*Problem requirements*
I'd like the listing below copied exactly, with the images left out.

*Collected material*
◇ ◇ ◇ ◇

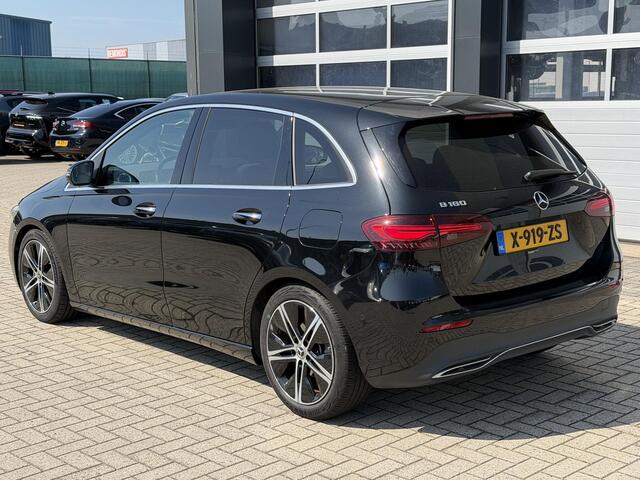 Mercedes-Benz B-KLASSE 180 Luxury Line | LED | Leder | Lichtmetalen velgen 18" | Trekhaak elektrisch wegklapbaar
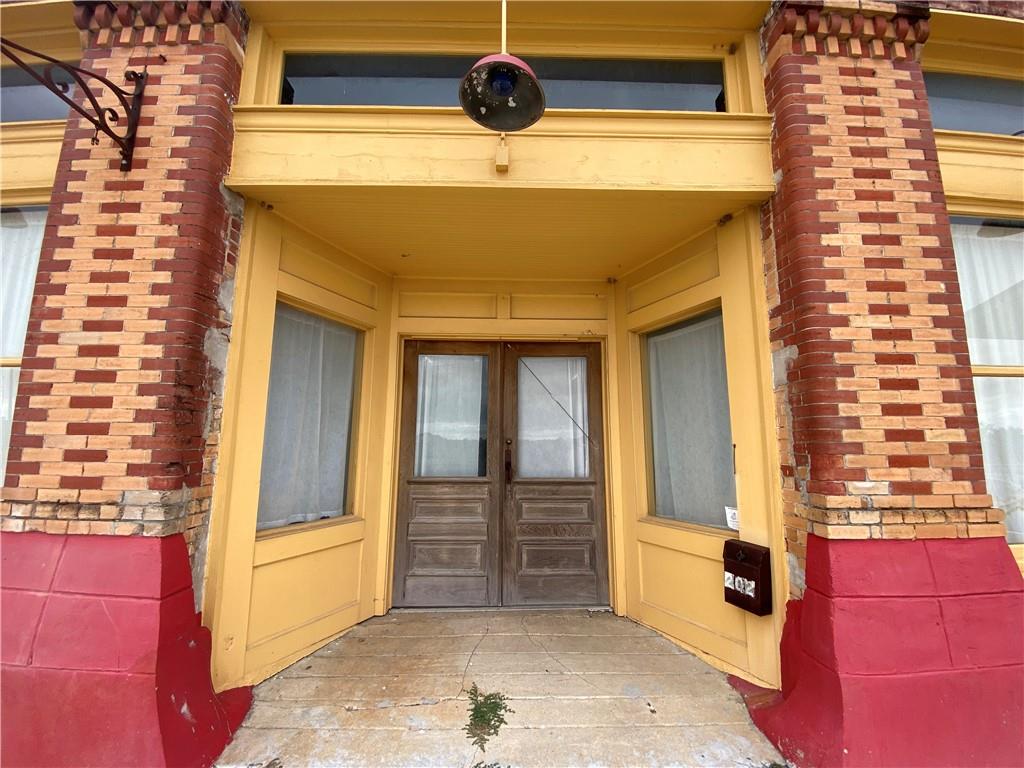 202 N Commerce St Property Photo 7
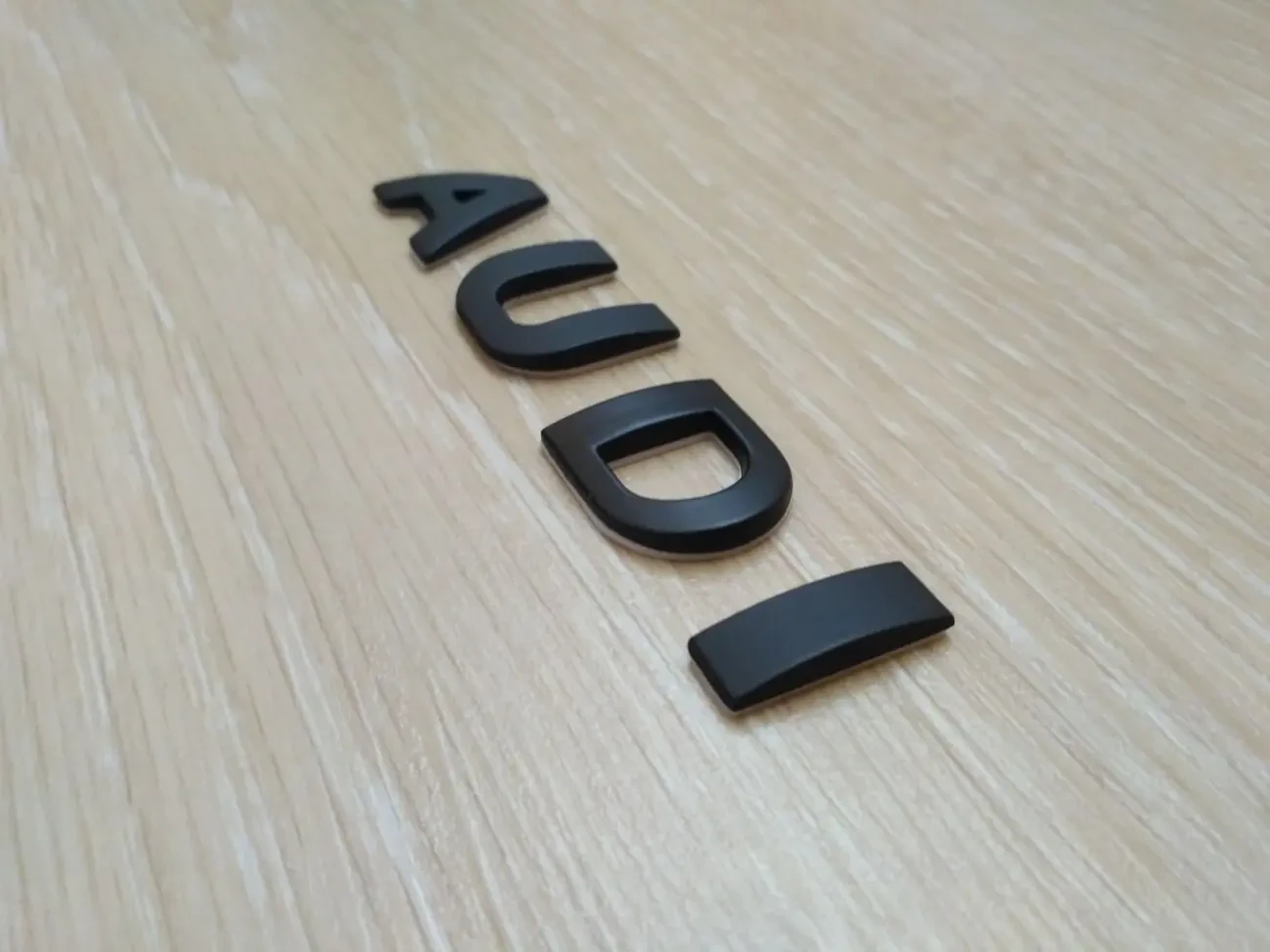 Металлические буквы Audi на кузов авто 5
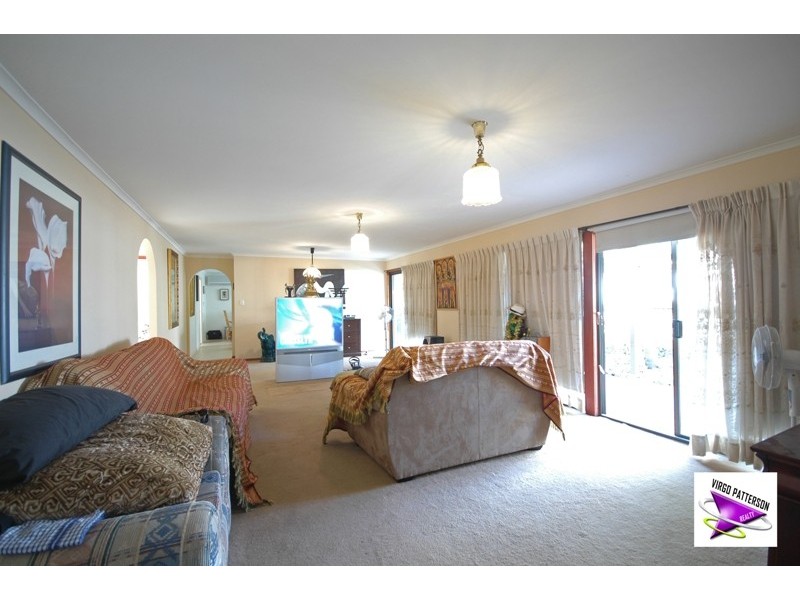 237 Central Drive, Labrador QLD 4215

◇ ◇ ◇ ◇

*Written solution*
 Mercedes-Benz B-KLASSE 180 Luxury Line | LED | Leder | Lichtmetalen velgen 18" | Trekhaak elektrisch wegklapbaar
 202 N Commerce St Property Photo 7
 Металлические буквы Audi на кузов авто 5
 237 Central Drive, Labrador QLD 4215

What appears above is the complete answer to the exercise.